[Recorded information — start]

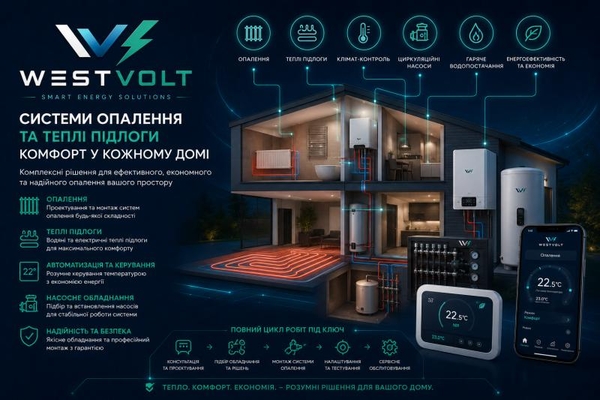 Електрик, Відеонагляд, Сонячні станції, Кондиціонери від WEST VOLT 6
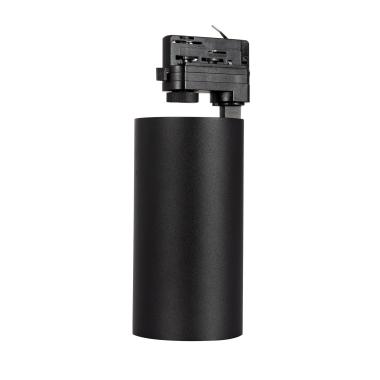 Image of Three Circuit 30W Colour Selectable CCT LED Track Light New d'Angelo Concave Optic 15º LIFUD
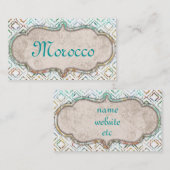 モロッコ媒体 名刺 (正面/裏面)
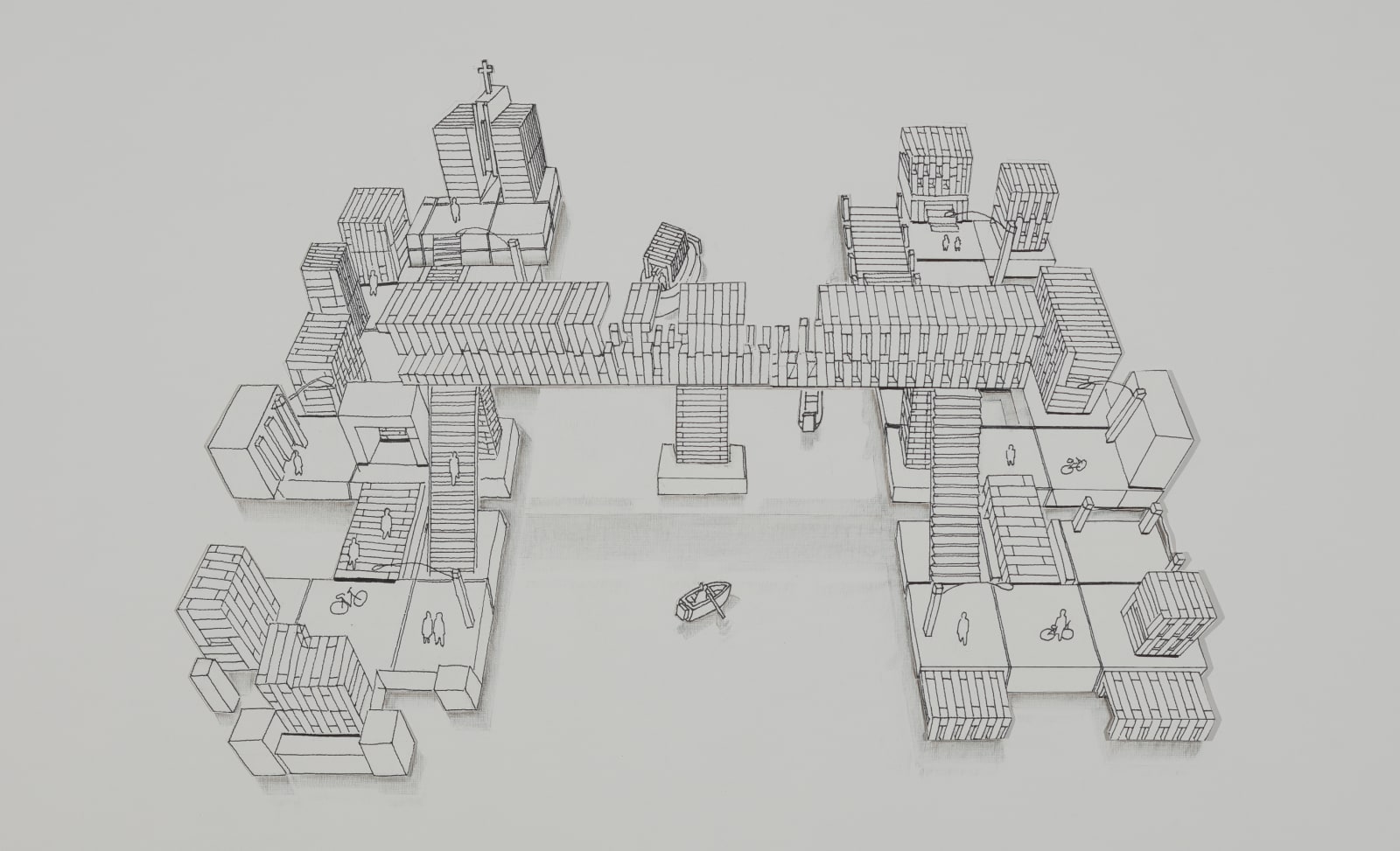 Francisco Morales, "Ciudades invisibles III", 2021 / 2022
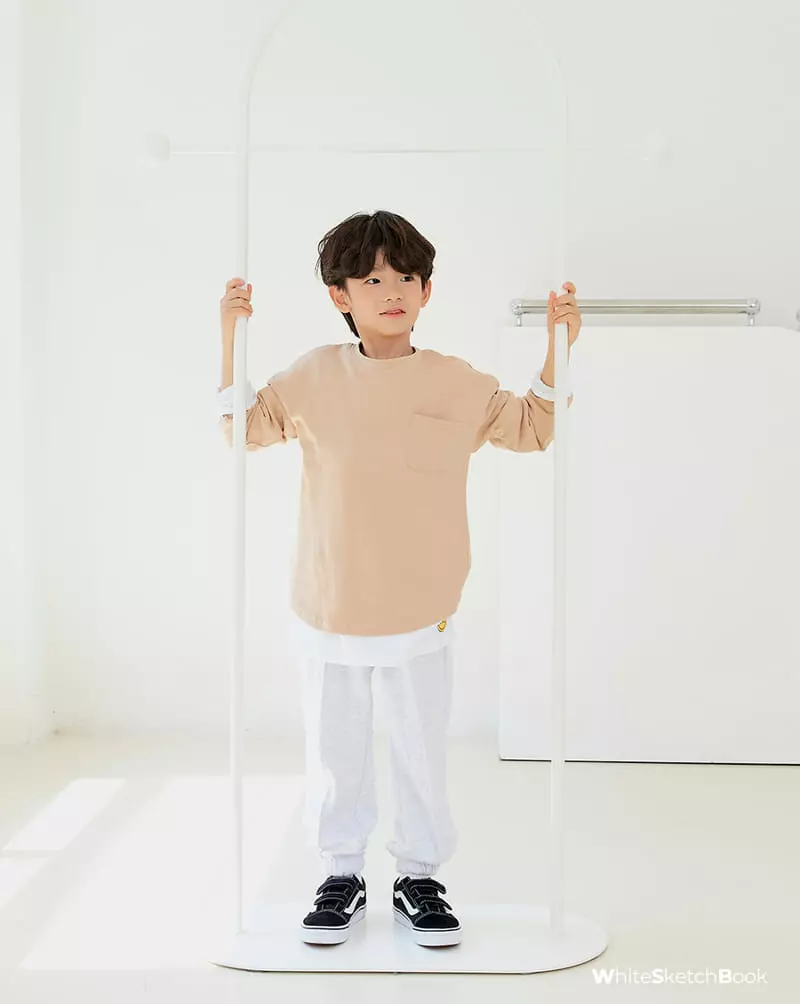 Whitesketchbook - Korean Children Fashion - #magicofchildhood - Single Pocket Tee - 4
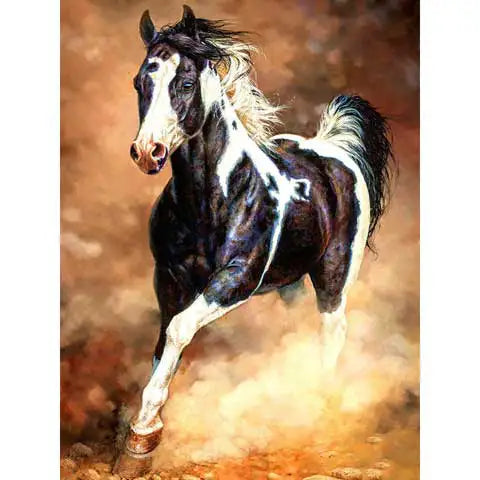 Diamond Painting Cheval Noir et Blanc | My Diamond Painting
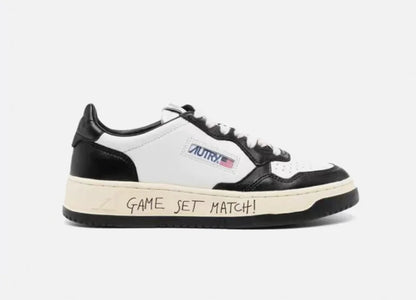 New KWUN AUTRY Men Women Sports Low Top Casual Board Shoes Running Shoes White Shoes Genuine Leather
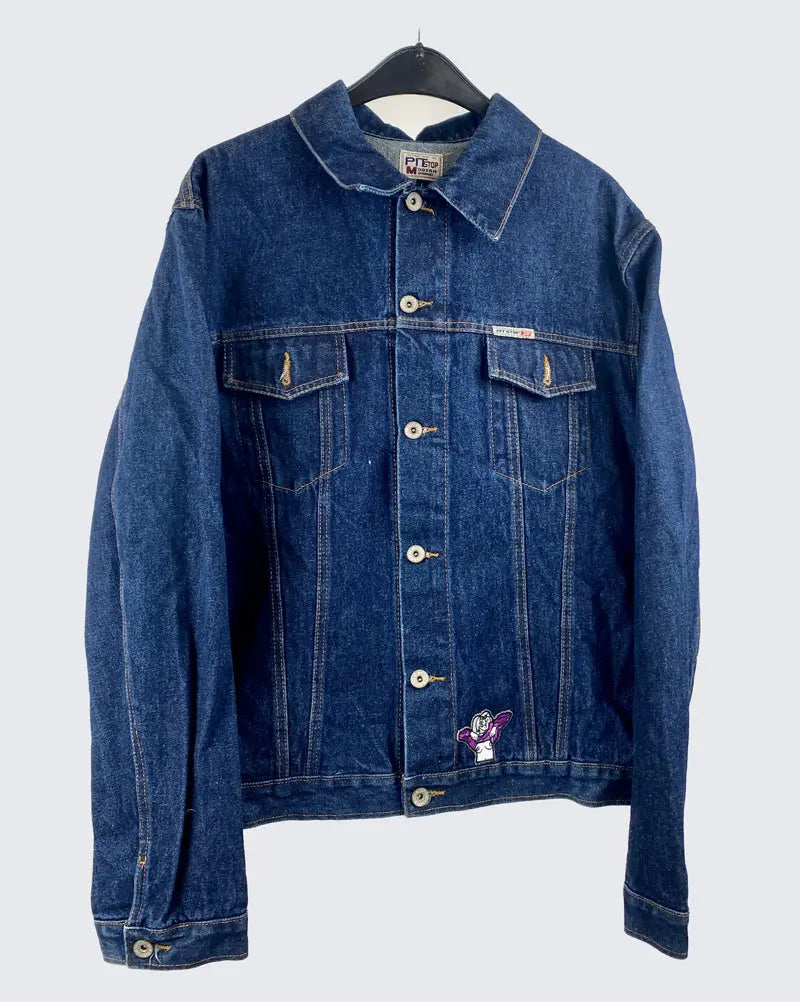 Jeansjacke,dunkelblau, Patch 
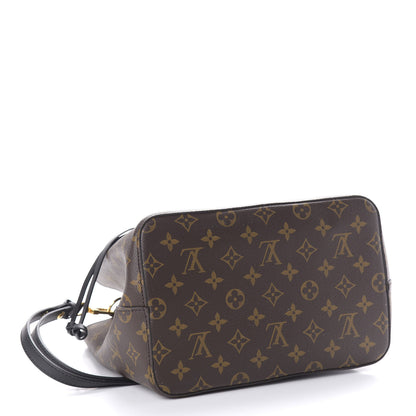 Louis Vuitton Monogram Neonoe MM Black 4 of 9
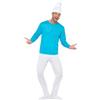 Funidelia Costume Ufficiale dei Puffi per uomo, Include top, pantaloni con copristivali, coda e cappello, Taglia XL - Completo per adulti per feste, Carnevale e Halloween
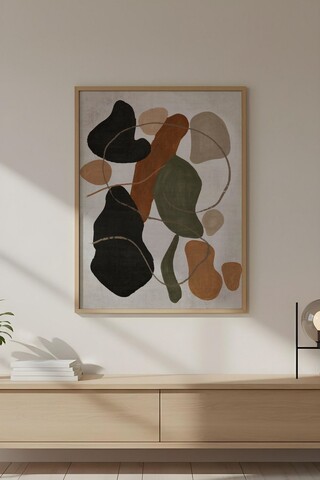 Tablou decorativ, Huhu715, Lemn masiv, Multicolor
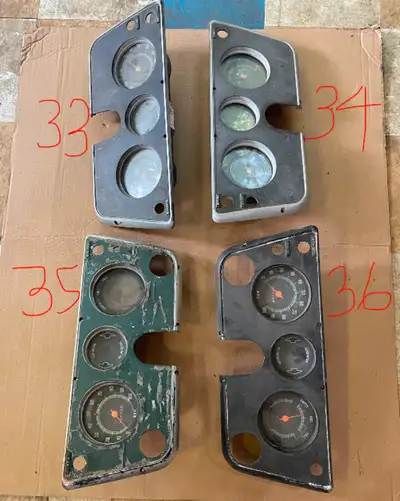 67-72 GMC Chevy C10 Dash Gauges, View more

[Recorded information — finish]

From the first line through the line with "2021 / 2022", output those lines of the entries above exactly, and nothing else, with the pictures left out.

→ **Your response**:
 Електрик, Відеонагляд, Сонячні станції, Кондиціонери від WEST VOLT 6
 Image of Three Circuit 30W Colour Selectable CCT LED Track Light New d'Angelo Concave Optic 15º LIFUD
 モロッコ媒体 名刺 (正面/裏面)
 Francisco Morales, "Ciudades invisibles III", 2021 / 2022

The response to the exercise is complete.